*** Records for this exercise

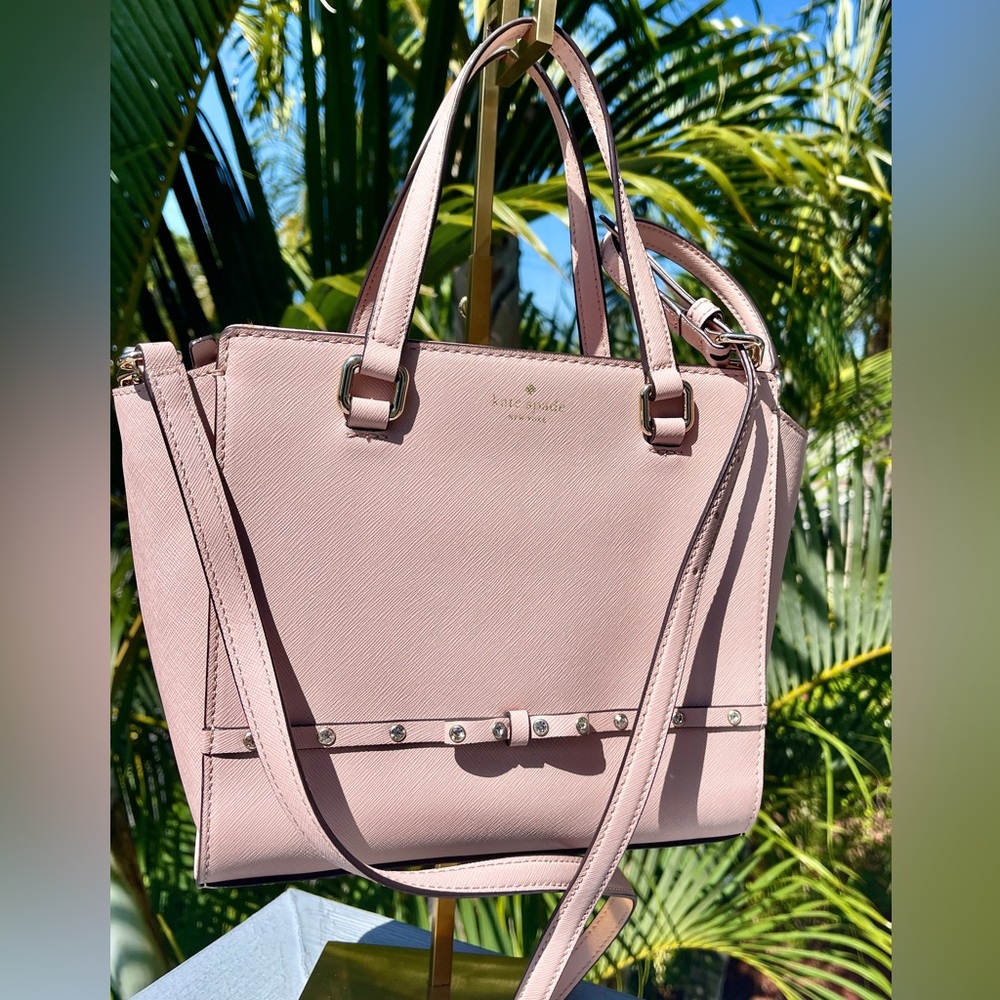 Kate Spade Leather Crossbody/Satchel Bag Crystals bow accent light Pink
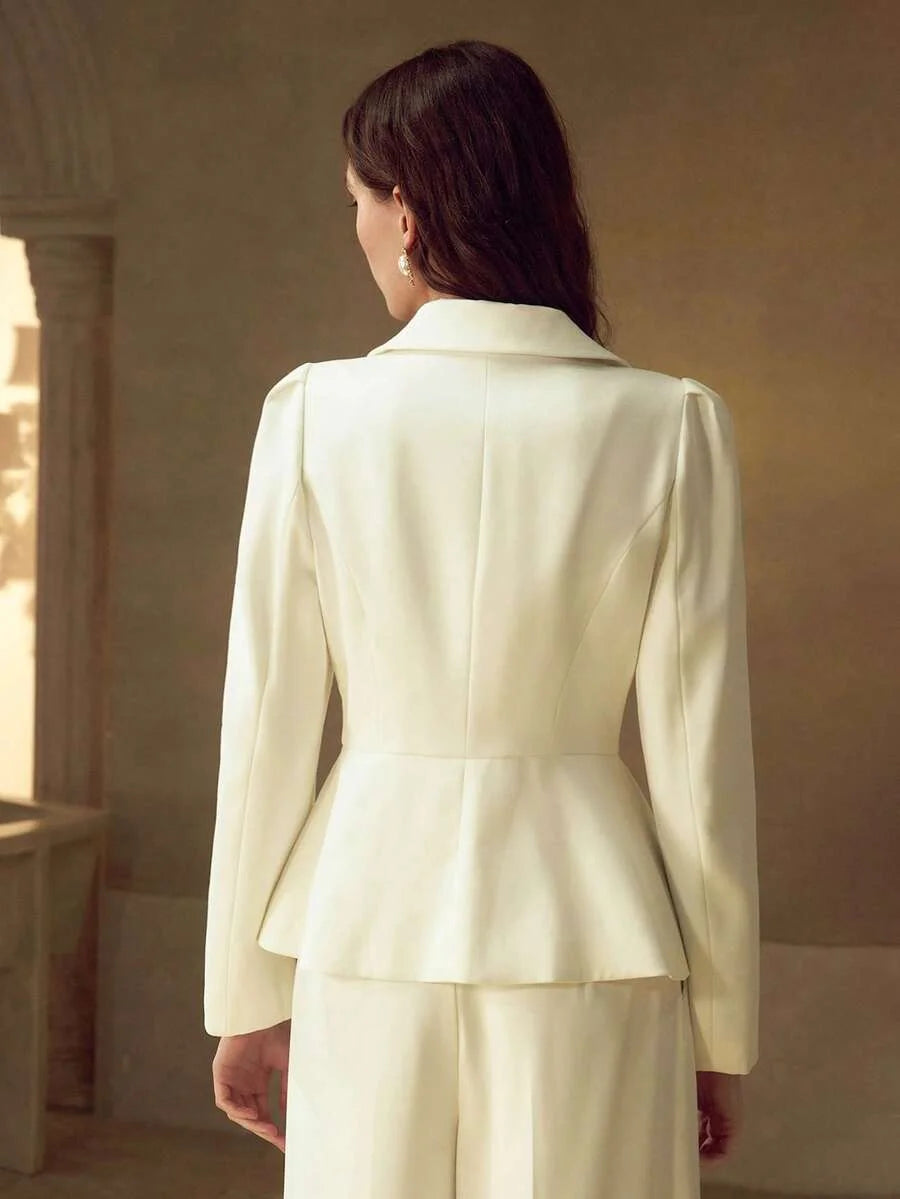 PREMIUM EMBROIDERED PEPLUM BLAZER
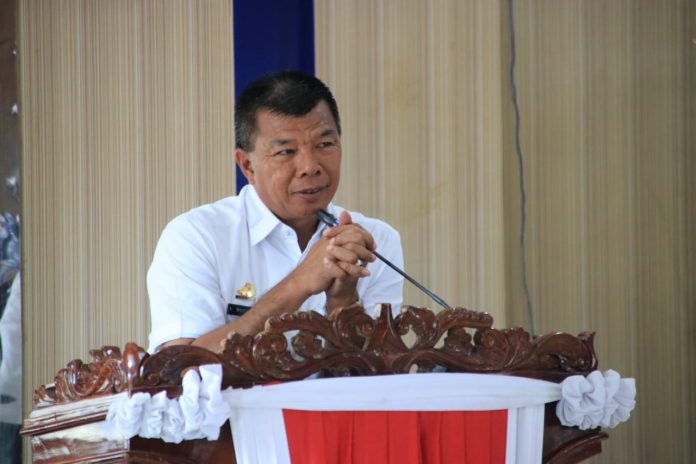 FOTO: Bupati Bulukumba Muchtar Ali Yusuf saat memberikan sambutannya pada launching aksi perubahan PKA dan PKP di Ruang Pola Kantor Bupati Bulukumba, Rabu, 23 September 2022.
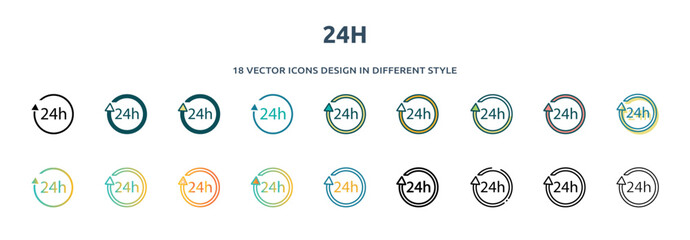Poster - 24h icon in 18 different styles such as thin line, thick line, two color, glyph, colorful, lineal co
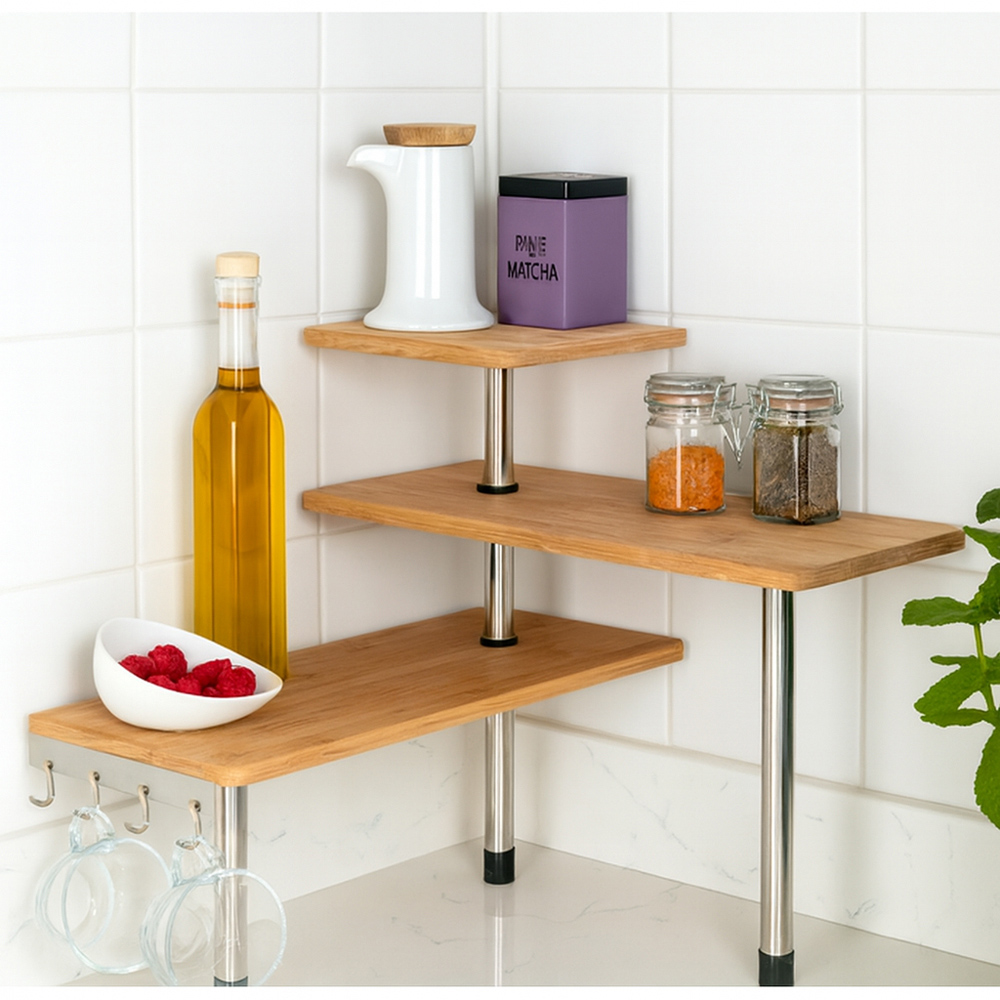 Avilo 3 Shelf Wooden Freestanding Corner Kitchen Etagere with 4 Hanging Hooks Image 5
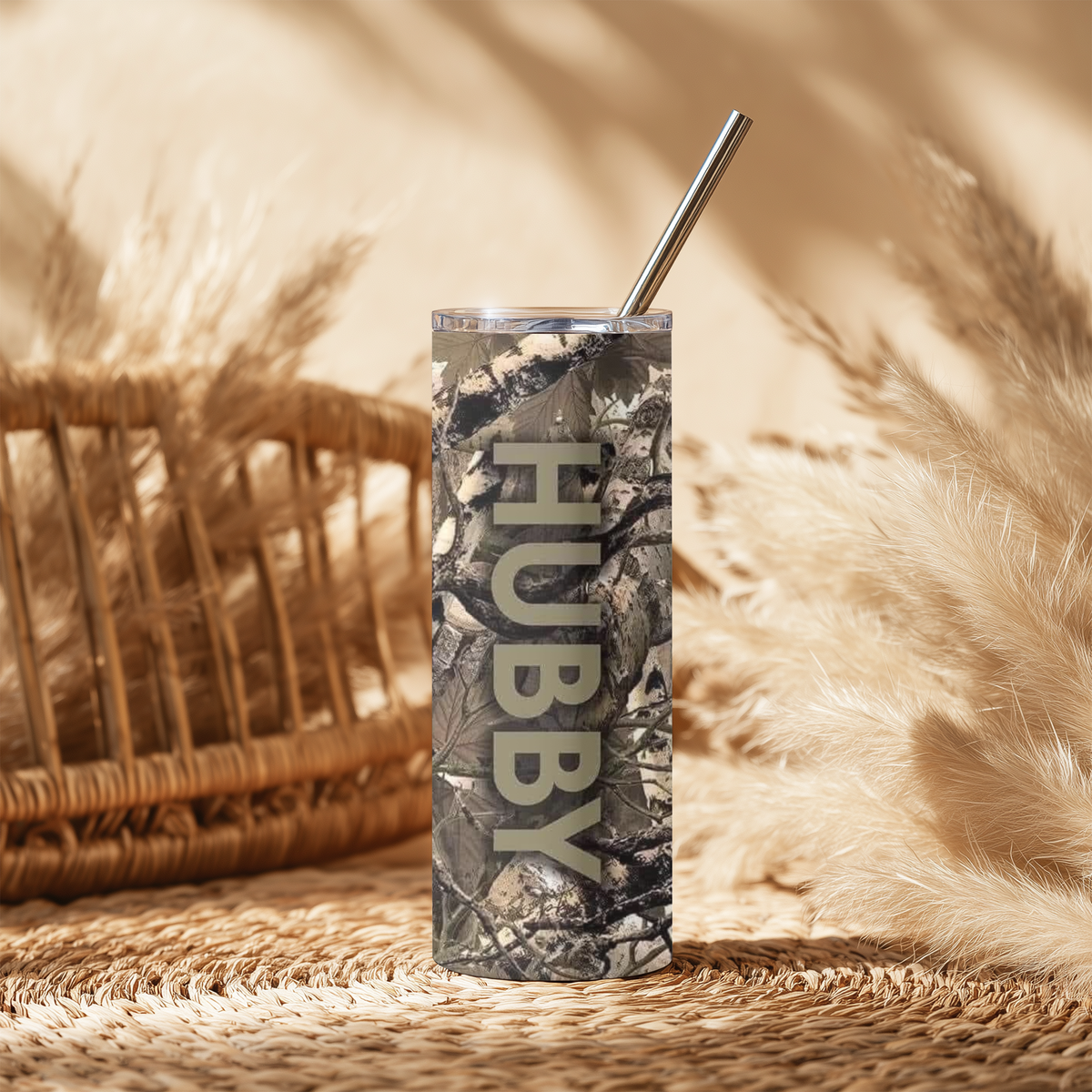 His and Hers Camo Tumbler Set | Wifey and Hubby 20oz Skinny Tumblers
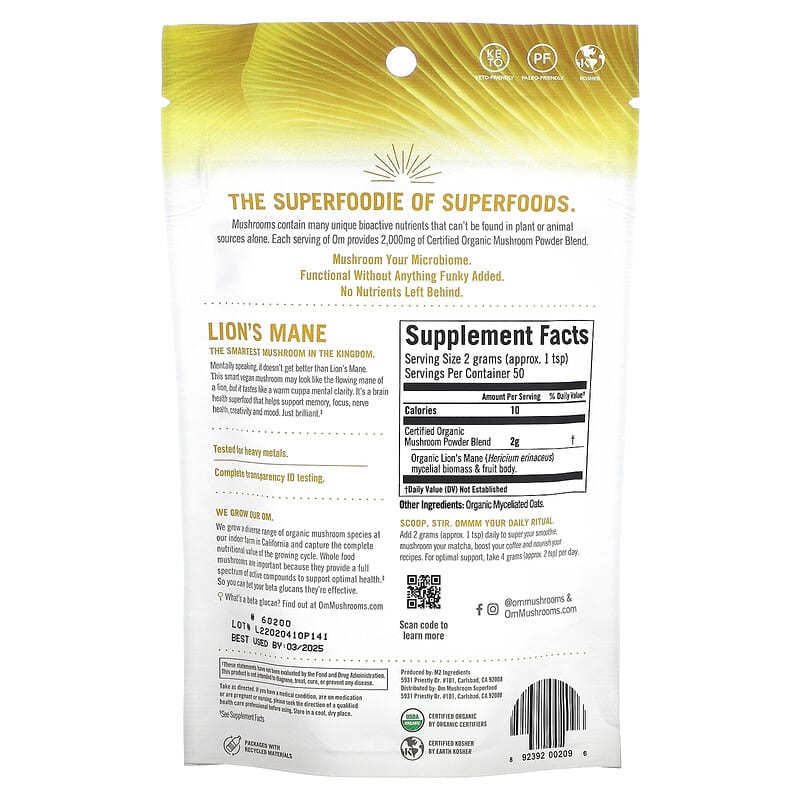 OM Mushroom Superfood Lion's Mane Mushroom Powder - Certified Organic  100 grams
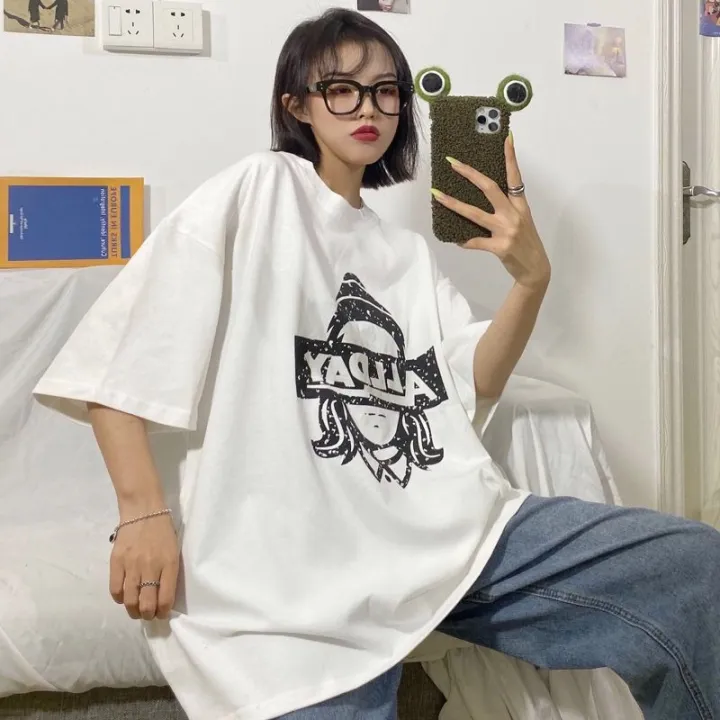 Short%20Sleeve%20T%20Women's%20T-shirt%202020%20Spring%20and%20Summer%20New%20Clothes%20Students%20Korean%20Style%20Loose%20ins%20Style%20Printed%20Mid-Length%20Top%20-%20Image%207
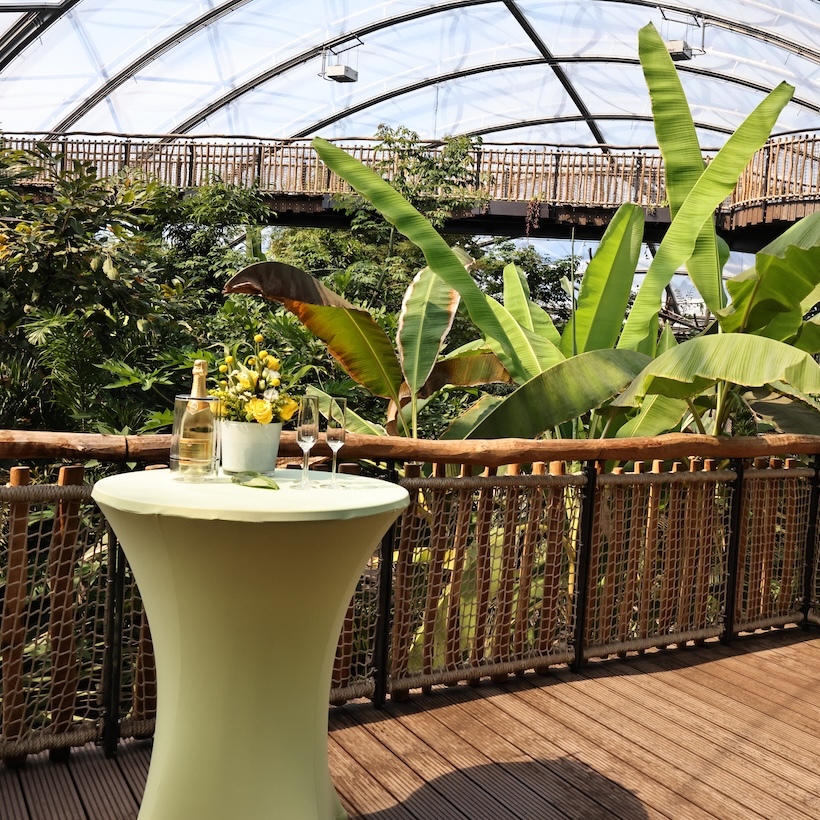 Empore in der Meranti Halle eingedeckt mit Stehtischen f&uuml;r eine Hochzeit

******

Task objective
Repeat exactly the lines from the one containing "Poster - 24h" to the last line of the records above, including both, and leave out any pictures.

Answer box
Poster - 24h icon in 18 different styles such as thin line, thick line, two color, glyph, colorful, lineal co
 Avilo 3 Shelf Wooden Freestanding Corner Kitchen Etagere with 4 Hanging Hooks Image 5
 His and Hers Camo Tumbler Set | Wifey and Hubby 20oz Skinny Tumblers
 OM Mushroom Superfood Lion's Mane Mushroom Powder - Certified Organic  100 grams
 Short%20Sleeve%20T%20Women's%20T-shirt%202020%20Spring%20and%20Summer%20New%20Clothes%20Students%20Korean%20Style%20Loose%20ins%20Style%20Printed%20Mid-Length%20Top%20-%20Image%207
 Empore in der Meranti Halle eingedeckt mit Stehtischen f&uuml;r eine Hochzeit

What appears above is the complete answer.